> _PROVIDED MATERIAL_:

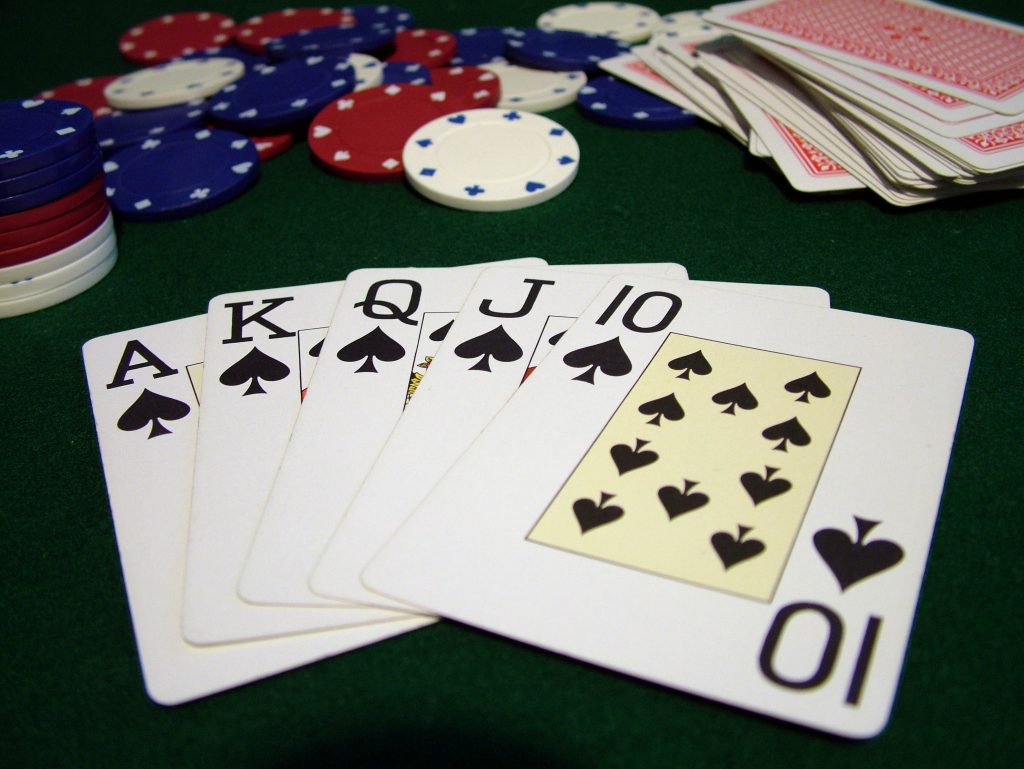 poker-hand-1522811-1024x769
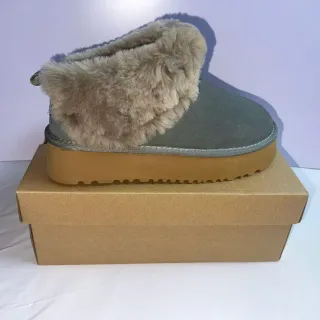 UGG 绿色米色 羊毛内翻切边麂皮鞋面雪靴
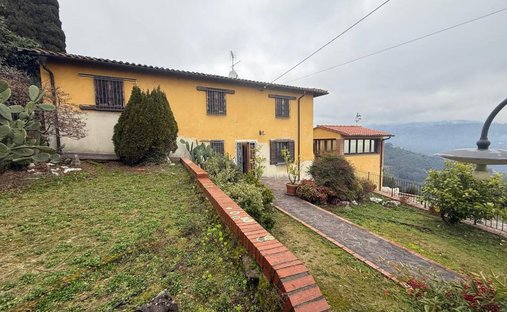 Villa in Center, Pescia, Tuscany 1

> _PROBLEM_: What is needed here is an exact transcript of the data above, pictures excluded.

> _RESULT FOR THIS EXERCISE_:
 poker-hand-1522811-1024x769
 UGG 绿色米色 羊毛内翻切边麂皮鞋面雪靴
 Villa in Center, Pescia, Tuscany 1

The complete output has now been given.